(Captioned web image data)
= = = = =
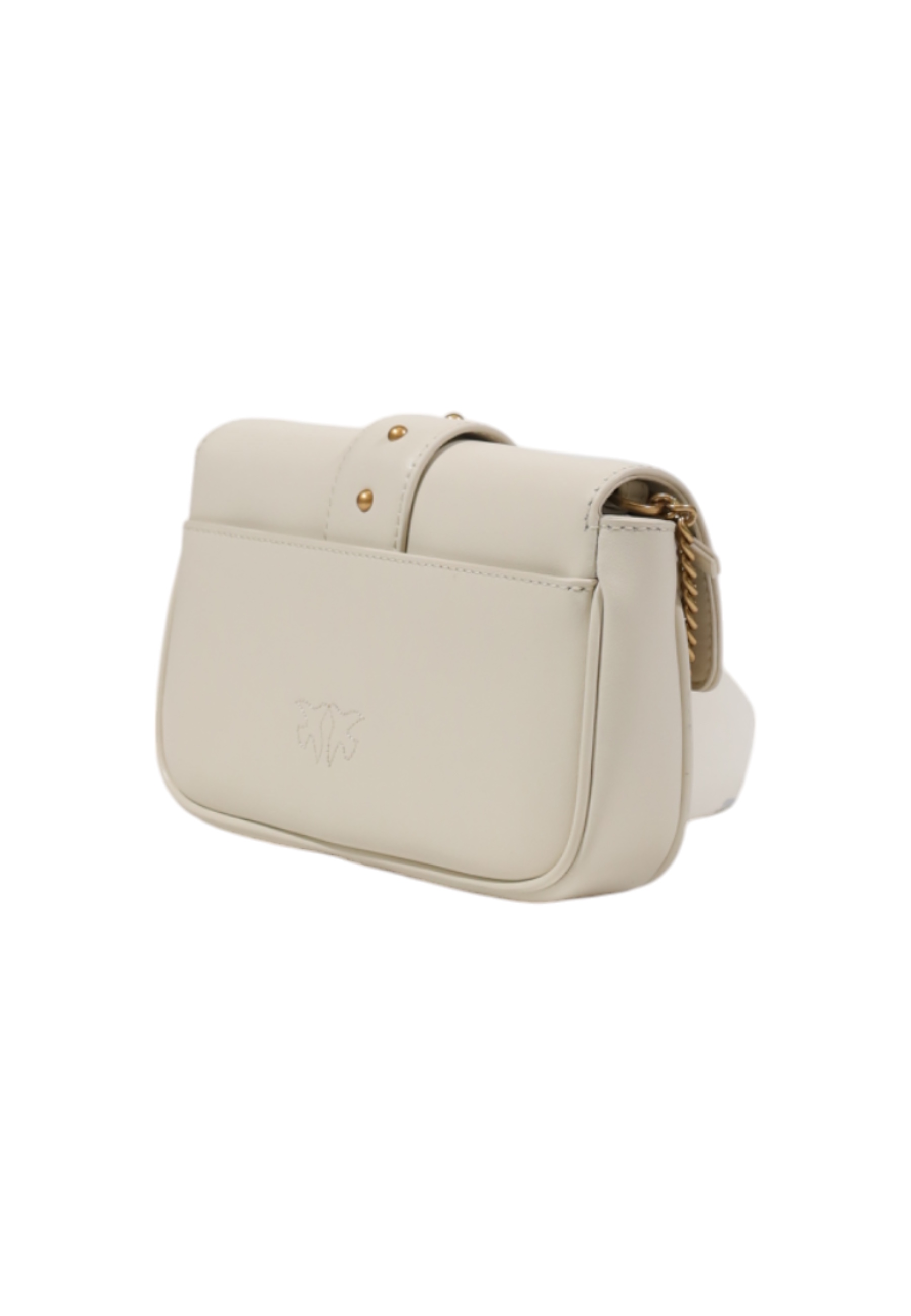 Pinko  Women Bag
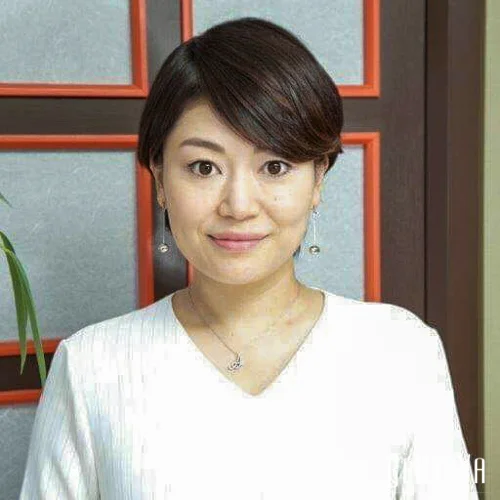 BentoYa Test Photos *Crop Fix *Reshoot-4.jpg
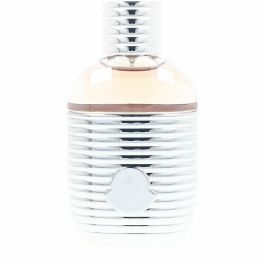 Moncler Pour femme eau de parfum 60 ml Precio: 60.5. SKU: B1F8V6ELJM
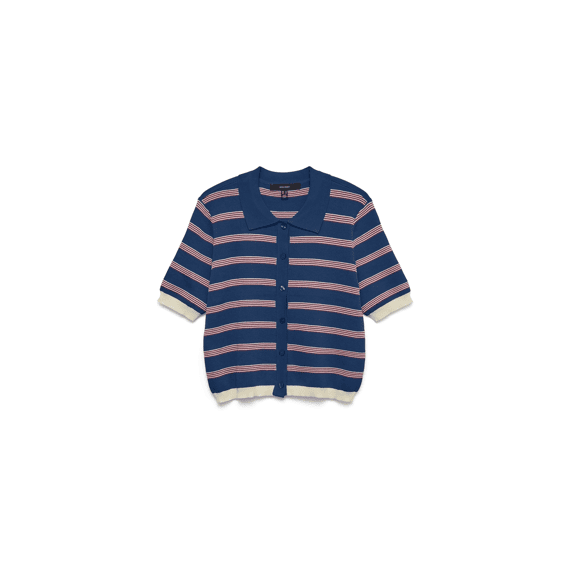 Vero Moda Gilet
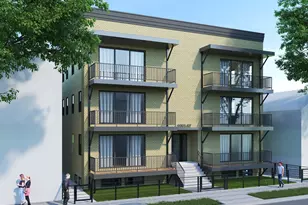 1003 W 16th St, Chicago, IL 60608 - Photo 2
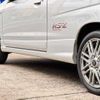 suzuki alto-works 1999 quick_quick_GF-HA22S_HA22S-105989 image 17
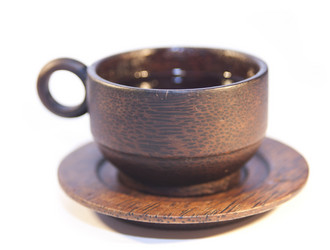 Similar image 310469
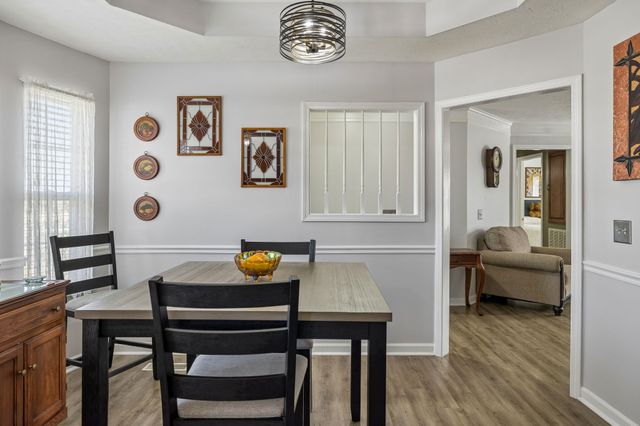 112 Switchboard Rd, Portland, TN 37148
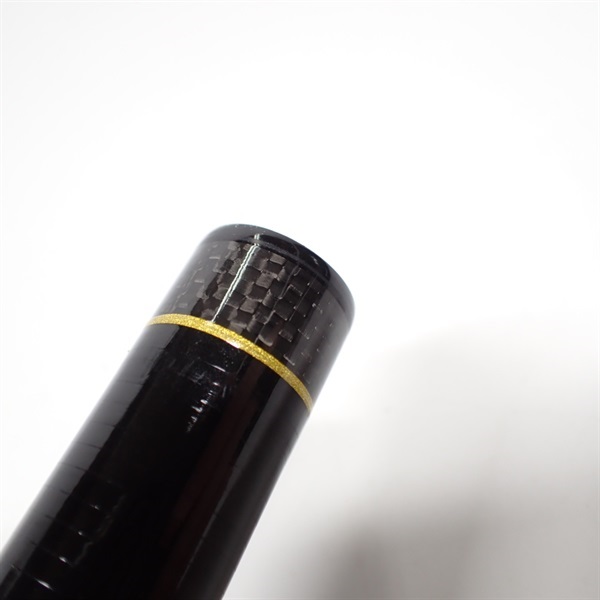 アバンサー早瀬抜７０Ｒ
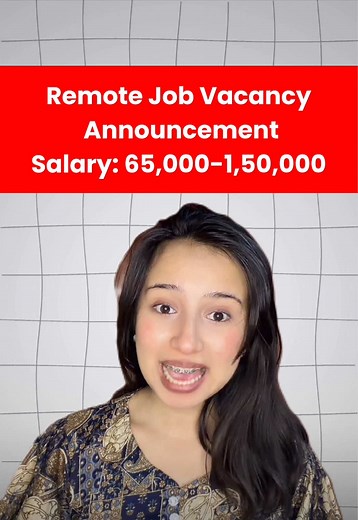 U.S. Accounting & Payroll Specialist (Remote - Nepal)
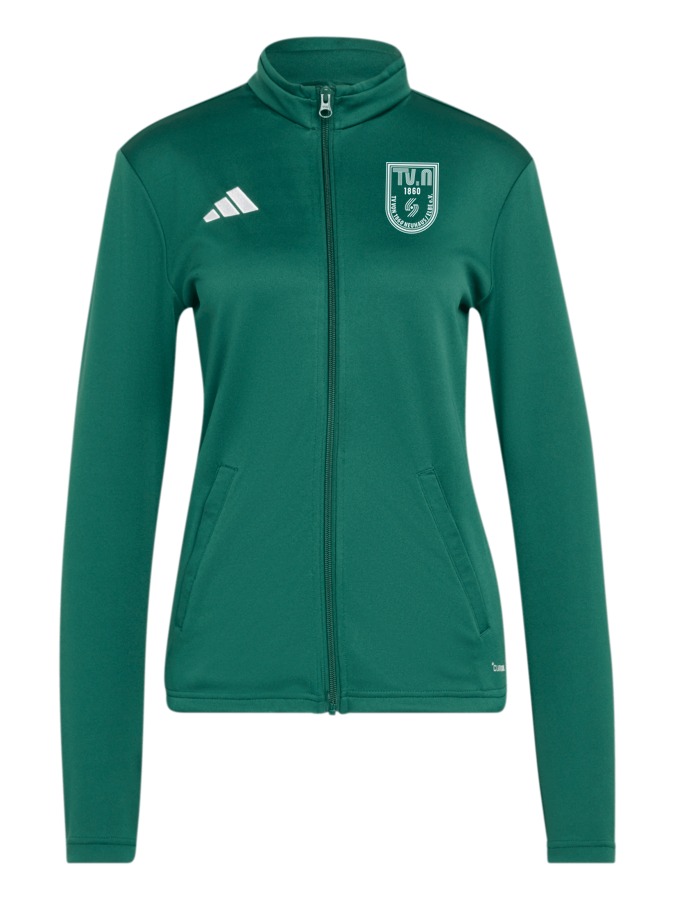 adidas Entrada 26 Trainingsjacke Damen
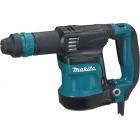 Отбойный молоток Makita HK1820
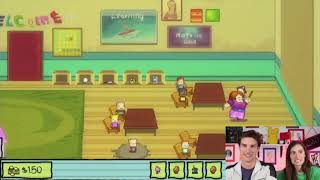 Gtlive Clip Nuggets Love Letter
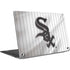 MLB Chicago White Sox Home Jersey Dell XPS Skin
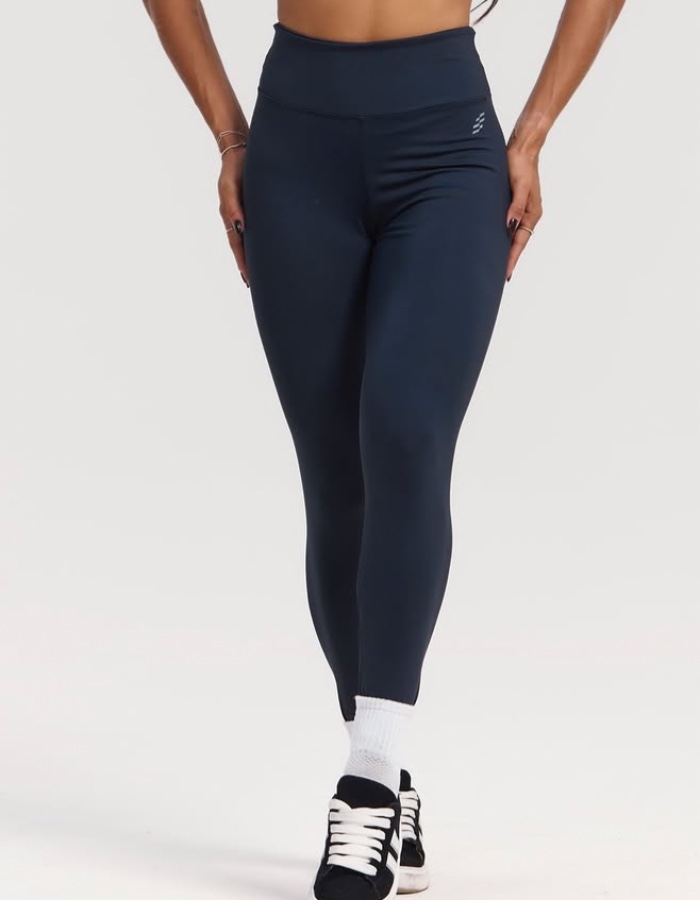 Leggings básica 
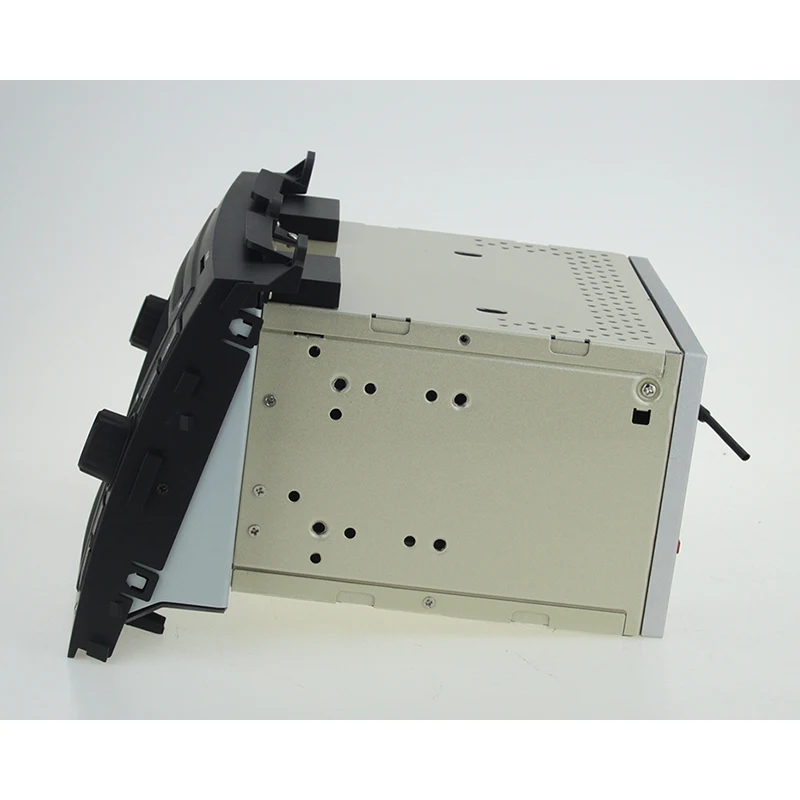 PX6 Hexa Core DSP 2 din Android 9,0 автомобильный DVD радио мультимедиа для Toyota Prado 120 2003-2009 Автомобильный Авторадио Навигация gps стерео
= = = = =
- Exercise prompt
A word-for-word repeat is expected of the lines from the one with "BentoYa Test Photos *Crop Fix *Reshoot-4.jpg" to the end of the data, both included; pictures are not part of it.

- Problem solution
 BentoYa Test Photos *Crop Fix *Reshoot-4.jpg
 Moncler Pour femme eau de parfum 60 ml Precio: 60.5. SKU: B1F8V6ELJM
 Vero Moda Gilet
 1003 W 16th St, Chicago, IL 60608 - Photo 2
 suzuki alto-works 1999 quick_quick_GF-HA22S_HA22S-105989 image 17
 Similar image 310469
 112 Switchboard Rd, Portland, TN 37148
 アバンサー早瀬抜７０Ｒ
 U.S. Accounting & Payroll Specialist (Remote - Nepal)
 adidas Entrada 26 Trainingsjacke Damen
 Отбойный молоток Makita HK1820
 Gtlive Clip Nuggets Love Letter
 MLB Chicago White Sox Home Jersey Dell XPS Skin
 Leggings básica 
 PX6 Hexa Core DSP 2 din Android 9,0 автомобильный DVD радио мультимедиа для Toyota Prado 120 2003-2009 Автомобильный Авторадио Навигация gps стерео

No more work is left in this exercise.